The other half is provided as an extension to the build system, see the build.rs file at the root of this crate.

While it is agnostic to the type of files being imported, in practice this is only used for shaders, thus this is what this documentation will linger on. In particular, integration with our hot-reloading capabilities can get tricky depending on the platform/target.

§Usage

#import <x/y/z/my_file.wgsl>

§Syntax

Import clauses follow the general form of #import <x/y/z/my_file.wgsl>. The path to be imported can be either absolute or relative to the path of the importer, or relative to any of the paths set in the search path (RERUN_SHADER_PATH).

The actual parsing rules themselves are very barebones:

  • An import clause can only span one line.
  • An import clause line must start with #import (exl. whitespaces).
  • Everything between the first < and the last > is interpreted as the import path, as-is. We do so because, between the 4 major platforms (Linux, macOS, Window, Web), basically any string is a valid path.

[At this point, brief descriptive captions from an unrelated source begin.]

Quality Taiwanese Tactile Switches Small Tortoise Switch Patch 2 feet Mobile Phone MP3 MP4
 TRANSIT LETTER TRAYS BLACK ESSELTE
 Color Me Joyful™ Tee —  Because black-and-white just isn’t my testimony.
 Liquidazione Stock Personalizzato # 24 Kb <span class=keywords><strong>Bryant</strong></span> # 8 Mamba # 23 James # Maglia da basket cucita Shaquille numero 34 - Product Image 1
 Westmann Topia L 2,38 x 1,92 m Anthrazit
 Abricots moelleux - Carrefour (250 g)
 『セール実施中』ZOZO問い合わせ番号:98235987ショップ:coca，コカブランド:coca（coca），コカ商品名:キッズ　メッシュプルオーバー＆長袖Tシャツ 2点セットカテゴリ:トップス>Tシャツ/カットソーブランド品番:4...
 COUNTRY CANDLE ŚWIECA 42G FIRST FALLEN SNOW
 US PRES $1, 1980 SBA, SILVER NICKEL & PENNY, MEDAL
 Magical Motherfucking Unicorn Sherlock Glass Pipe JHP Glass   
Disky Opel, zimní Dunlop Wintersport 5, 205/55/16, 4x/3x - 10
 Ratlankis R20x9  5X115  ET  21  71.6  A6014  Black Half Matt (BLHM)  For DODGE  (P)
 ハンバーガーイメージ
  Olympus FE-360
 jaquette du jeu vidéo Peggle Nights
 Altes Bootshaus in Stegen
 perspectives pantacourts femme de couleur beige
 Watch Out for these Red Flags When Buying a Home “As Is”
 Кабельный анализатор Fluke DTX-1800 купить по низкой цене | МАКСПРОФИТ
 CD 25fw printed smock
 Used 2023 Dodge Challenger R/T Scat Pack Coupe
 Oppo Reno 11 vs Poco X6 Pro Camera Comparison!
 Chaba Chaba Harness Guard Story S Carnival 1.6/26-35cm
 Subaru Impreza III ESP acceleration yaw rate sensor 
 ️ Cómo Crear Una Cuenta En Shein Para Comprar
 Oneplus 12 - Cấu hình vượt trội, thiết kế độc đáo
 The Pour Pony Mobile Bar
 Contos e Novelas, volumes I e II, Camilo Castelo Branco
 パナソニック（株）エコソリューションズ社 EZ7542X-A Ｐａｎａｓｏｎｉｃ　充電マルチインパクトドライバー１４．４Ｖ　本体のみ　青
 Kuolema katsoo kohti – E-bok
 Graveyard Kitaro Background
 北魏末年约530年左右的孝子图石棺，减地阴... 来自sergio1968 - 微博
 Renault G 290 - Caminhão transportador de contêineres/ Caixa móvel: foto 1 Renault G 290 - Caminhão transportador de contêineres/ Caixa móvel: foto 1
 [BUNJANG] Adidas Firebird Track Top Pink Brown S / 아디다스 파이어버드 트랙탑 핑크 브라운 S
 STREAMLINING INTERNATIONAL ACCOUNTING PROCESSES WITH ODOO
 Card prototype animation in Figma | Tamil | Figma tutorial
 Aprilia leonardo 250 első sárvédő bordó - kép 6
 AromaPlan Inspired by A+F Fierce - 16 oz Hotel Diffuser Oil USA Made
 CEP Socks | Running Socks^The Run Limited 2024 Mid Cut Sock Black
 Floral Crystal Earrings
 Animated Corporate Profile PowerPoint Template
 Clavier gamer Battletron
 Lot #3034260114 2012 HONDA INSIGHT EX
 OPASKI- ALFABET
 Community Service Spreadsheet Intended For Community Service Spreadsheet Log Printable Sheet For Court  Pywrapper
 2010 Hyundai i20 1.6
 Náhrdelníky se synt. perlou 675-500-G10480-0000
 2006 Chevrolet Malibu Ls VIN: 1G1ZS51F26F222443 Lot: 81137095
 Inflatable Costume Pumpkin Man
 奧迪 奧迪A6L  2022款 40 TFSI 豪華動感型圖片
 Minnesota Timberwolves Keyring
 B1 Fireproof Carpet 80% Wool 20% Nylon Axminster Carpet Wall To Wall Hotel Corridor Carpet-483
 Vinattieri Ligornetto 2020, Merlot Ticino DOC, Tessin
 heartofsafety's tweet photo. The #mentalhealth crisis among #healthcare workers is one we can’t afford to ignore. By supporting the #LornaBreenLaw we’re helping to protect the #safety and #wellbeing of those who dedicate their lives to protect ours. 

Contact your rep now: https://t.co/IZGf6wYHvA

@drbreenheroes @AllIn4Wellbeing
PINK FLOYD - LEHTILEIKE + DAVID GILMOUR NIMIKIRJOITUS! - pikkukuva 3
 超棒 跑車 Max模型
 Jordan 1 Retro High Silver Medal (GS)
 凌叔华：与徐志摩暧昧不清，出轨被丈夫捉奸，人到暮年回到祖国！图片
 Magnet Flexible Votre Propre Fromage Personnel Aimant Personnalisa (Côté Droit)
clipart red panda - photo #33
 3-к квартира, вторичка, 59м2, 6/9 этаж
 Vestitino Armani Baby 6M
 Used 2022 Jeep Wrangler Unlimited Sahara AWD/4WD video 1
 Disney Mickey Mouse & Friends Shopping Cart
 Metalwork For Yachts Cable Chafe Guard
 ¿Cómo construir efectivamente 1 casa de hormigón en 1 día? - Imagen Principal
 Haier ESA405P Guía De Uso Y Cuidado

Everything is trim()ed at every step, you do not need to worry about whitespaces.

§Resolution

Resolution is done in three steps:

  1. First, we try to interpret the imported path as absolute. 1.1. If this is possible and leads to an existing file, we’re done. 1.2. Otherwise, we go to 2.

  2. Second, we try to interpret the imported path as relative to the importer’s. 2.1. If this leads to an existing file, we’re done. 2.2. Otherwise, we go to 3.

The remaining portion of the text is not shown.